I truly feel, though, that the genuine expression of heartfelt love – love that is derived from the Divine – has the power to permanently heal hatred in whatever form, whether it’s bullying on the playground or some other manifestation of harmful behavior on the larger world stage. “God is love,” the Bible states (I John 4:8). But God’s enduring love can become more real and powerful to us only in proportion as we strive to obey the ever-timely adage, “Love thy neighbor as thyself.” This imperative, expressed by Christ Jesus, and found in some form in most religions, holds the key to stemming violence and discord in society.

Jesus lived this love with breathtaking boldness. He reached out to the destitute, the social outcasts, and the morally straying to heal them and restore hope and spirituality to their lives. Articulating a new precedent for humanity, he said, “Love your enemies, bless them that curse you, do good to them that hate you, and pray for them which despitefully use you, and persecute you; that ye may be the children of your Father which is in heaven” (Matthew 5:44, 45).

Cultivating the honest desire to love one another is something we can all do, because the nature of each of us is Christlike and good. Jesus taught that we have a noble heritage as sons and daughters of God, our Father-Mother. He explained that the kingdom of God, Love, is already within us as God’s image and likeness.

Expressing Christly love can begin humbly with a small, tender seed of spiritual perception that we all have the same Father, or origin, the one divine Spirit. That we are all truly brothers and sisters – Spirit’s spiritual expressions – fashioned after God’s goodness with the capacity to love and be loved. Better understanding God, good, as our real source also aids us in healing wrong behavior, because we perceive it as distinct from the individual, as no part of his or her true, original selfhood as God’s loved reflection.

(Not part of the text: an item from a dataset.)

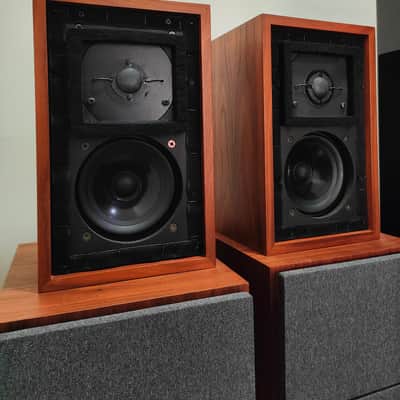 Rogers LS3/5A image 4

When faced with evil deeds, we can strive to water the seeds of Christly love in our hearts – neutralizing any sense of revenge or indifference – so that we may more effectively reach out in prayer and compassion to those on whom evil appears to have made its mark. Right there God is seeing His children in their original, spiritual, sinless nature. And we can, too. When we see our fellow men and women as God does, it can lead us to take just the right steps forward in any given situation to promote forgiveness, justice, and mercy, including taking proper civic action when necessary.

I regularly volunteer at a prison and meet with various inmates, many of whom have been convicted of violent crimes. Through our group prayers, Bible study, and open sharing times, I’ve been gratified to see signs of genuine repentance and even wholesale reformation taking place. The seeds of love and regeneration are taking root right where a barren desert of hopelessness had seemed the only reality. These individuals are learning to reject the misconceptions they’ve had of themselves – mental impositions that have previously hid from view their true nature as God’s children.

In her central work, “Science and Health with Key to the Scriptures,” the discoverer of Christian Science, Mary Baker Eddy, writes: “Human affection is not poured forth vainly, even though it meet no return. Love enriches the nature, enlarging, purifying, and elevating it” (p. 57). As we take a stand for the truth of man’s loving nature as God’s child, and put our prayers into action, we can help the world see that an active expression of divine Love is the highest, most effective response to human hate.

In speaking of the capacity of good to triumph over evil, the Bible gives this promise: “The desert shall rejoice, and blossom as the rose” (Isaiah 35:1). Each of us has the God-given ability to let the seeds of divine Love take root and flourish in our heart – and to help water them in the deserving hearts of others.